During his presentation, Knell said the new unimpaired flow standard will be between 30 to 50 percent of water in the Stanislaus River for February to June. Currently the flow is 35 percent.
“Unimpaired flow” was defined by Knell as the flow of water that would make it down the river if there were no reservoirs or diversions such as dams.
“The plan is 50 percent of the flow in wet years and 30 percent in dry ones,” Knell said.
Knell explained that as the plan is phased in, and adopted by the end of the year, water rights will be changed with new implementations.
“Anything you have today will be gone and rewritten,” Knell told the group, adding sarcastically, “It’s going to be a fun process.”
Knell explained that the new regulations would also impact groundwater storage as farmers would move to the costly measure to pump from wells.
“All the water they take from us will now have to come out of the ground,” Knell said.
As Knell explained the process, he identified what he saw were severe flaws with the proposal.
“Melones will end up empty and we’ll basically be running the river,” Knell said.
He showed graphs that New Melones Reservoir could be actually empty 18 percent of the time and have a loss of the cold water pool 45 percent of the time.
“The loss of the cold water pool will be killing the very fish the federal law was implemented to protect,” Knell said.
Knell identified three deficiencies with the state’s proposal saying there was no dry year analysis, that figures were based on averages.
“If I have one foot in a freezer and one foot in an oven, if you take the average temperature, my body should be okay,” Knell said.
He said the other deficiencies were figures were diluted due to improper geographical scope of the study and an over-estimation of low value crops.
Knell estimated that the new regulations could result in the loss of 700 family farms that have less than 100 acres and 100 farms that run on 100 to 250 acres.
He said that the State Water Board acknowledged that while the loss of farmland was significant, the impacts to the economies in the Central Valley region were significant, the impact to the region’s groundwater basin would be reduced, and while there would be significant regional and economic impact to the SF Bay Area, the position of the State Water Board was to still implement the program.
“The SED (Substitute Environmental Document) focus is to take our water, take our water, take our water, with habitat, predation, and water quality as a priority,” Knell said.
He then urged customers to contact state representatives.
“The state needs to hear from farmers and customers,” Knell said. “We’re just another government organization to them.”

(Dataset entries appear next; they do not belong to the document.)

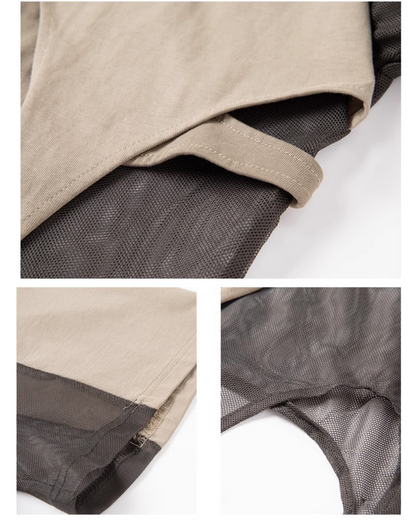 Street Irregular Stitching Hollow T-Shirt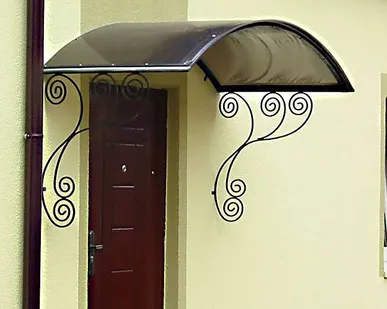 фото Козырек кованый КК-03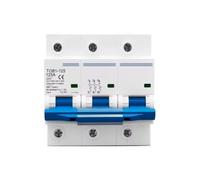 AC MCB Disjoncteur 3P 400V~50/60Hz 80/100/125A 10kA | Interrupteur de déconnexion PA66 à courant élevé AC MCB sur RAIL DIN triphasé(125A)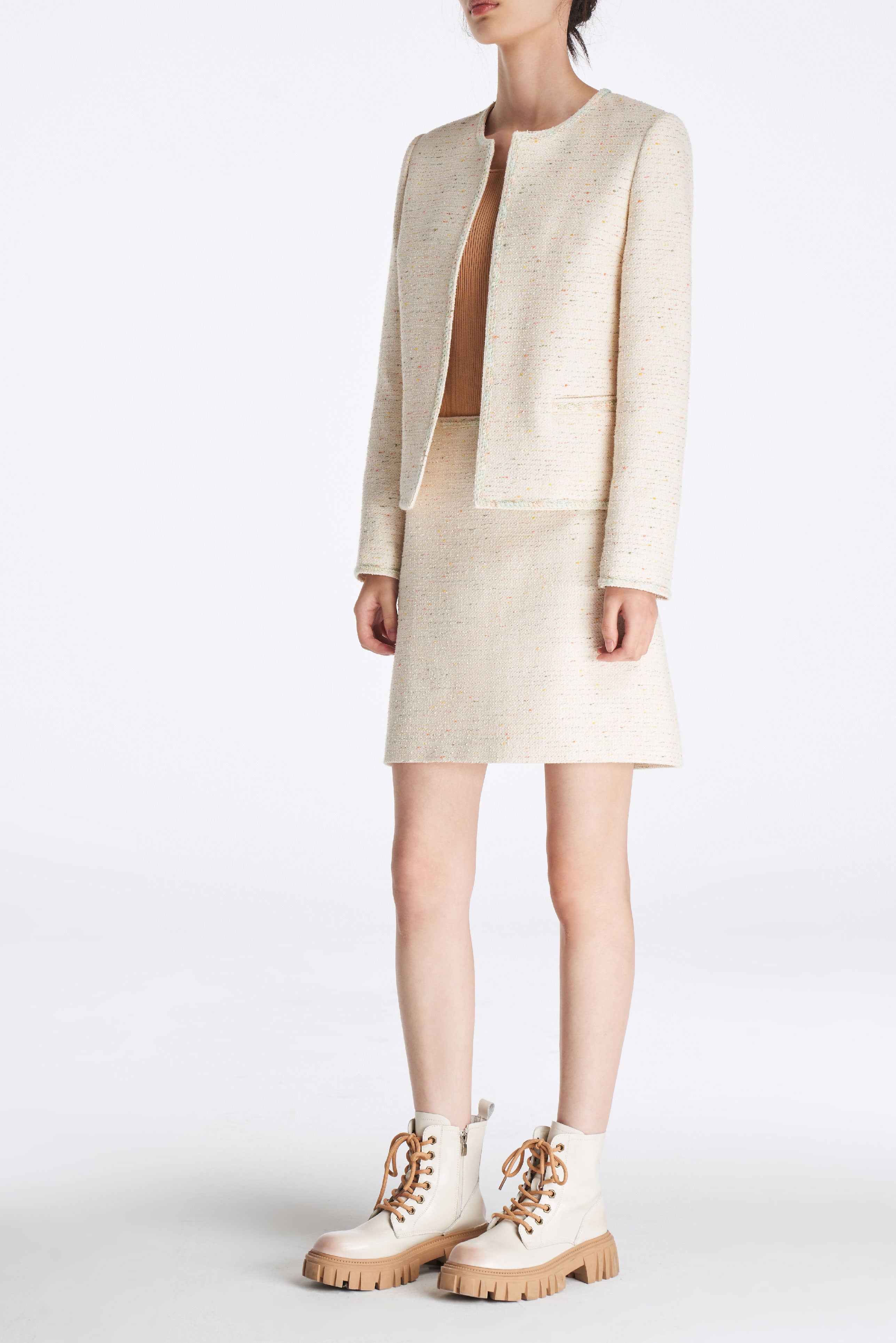 Laurèl Tweed Skirt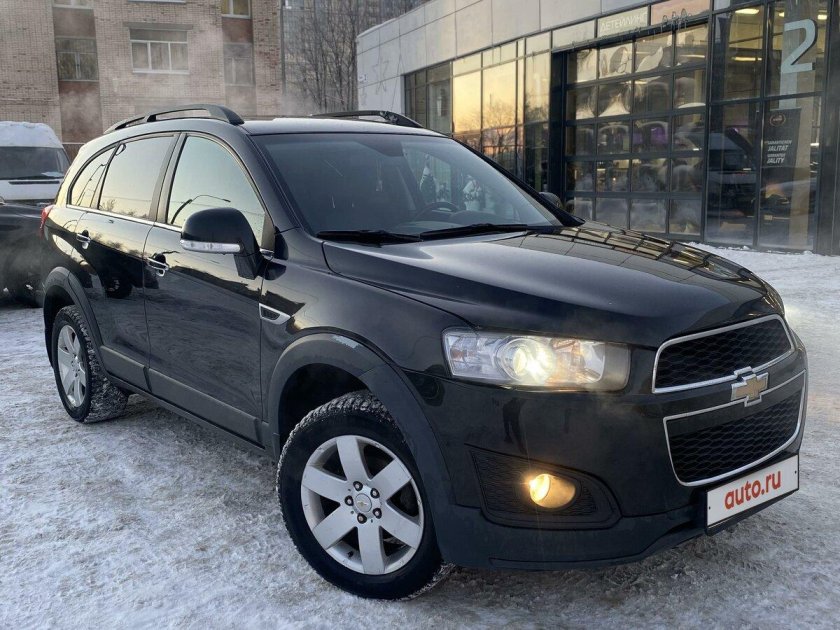 Шевроле каптива черный 2014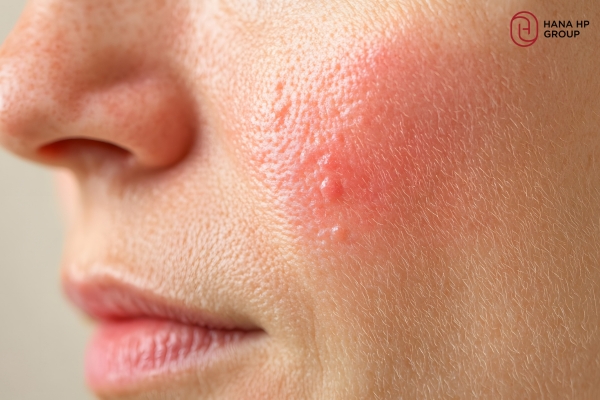 Da bị mẩn đỏ sau khi đắp mặt nạ mật ong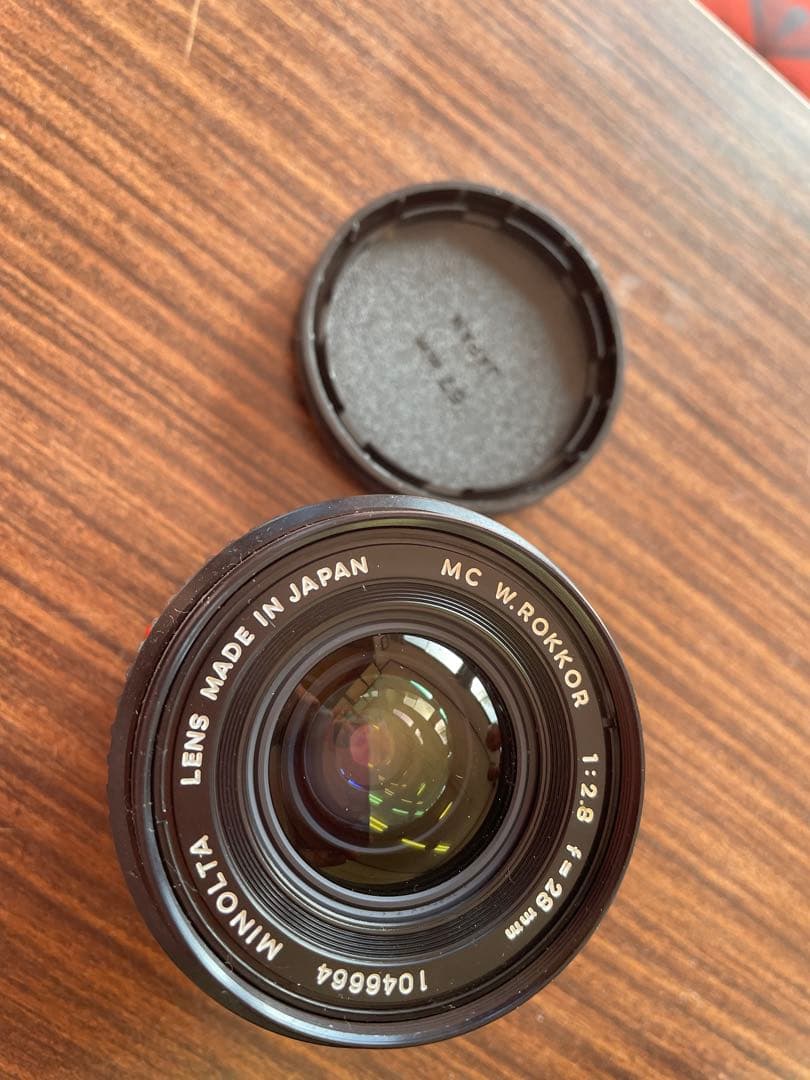 中古カメラ　MINOLTAとキャノンレンズのセット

In other issues, the board of directors learned of the advantages of refinancing the 30-year bonds released in 2009.
Under a proposal by Wells Fargo’s Michael Engelbrecht, OID could see a $4- to $5 million savings in the course of those bonds due to mature in August 2039 as well a one-year earlier maturity in 2038 with the refinance.
Due to falling interest rates from Brexit and other world events, interest rates have fallen below three percent.
“As a borrower, this is a fantastic opportunity to buy down,” Englebrecht told the board.
OID is currently financing the bond at a 5.8 percent rate and as of last week the rate that could be offered was 2.9 percent.
“There’s no risk of going into the market and OID losing any money,” Englebrecht said. “If we don’t meet the bond threshold (for significant savings), we don’t sell the bond.”
The board voted unanimously to work with Wells Fargo for the bond refinance.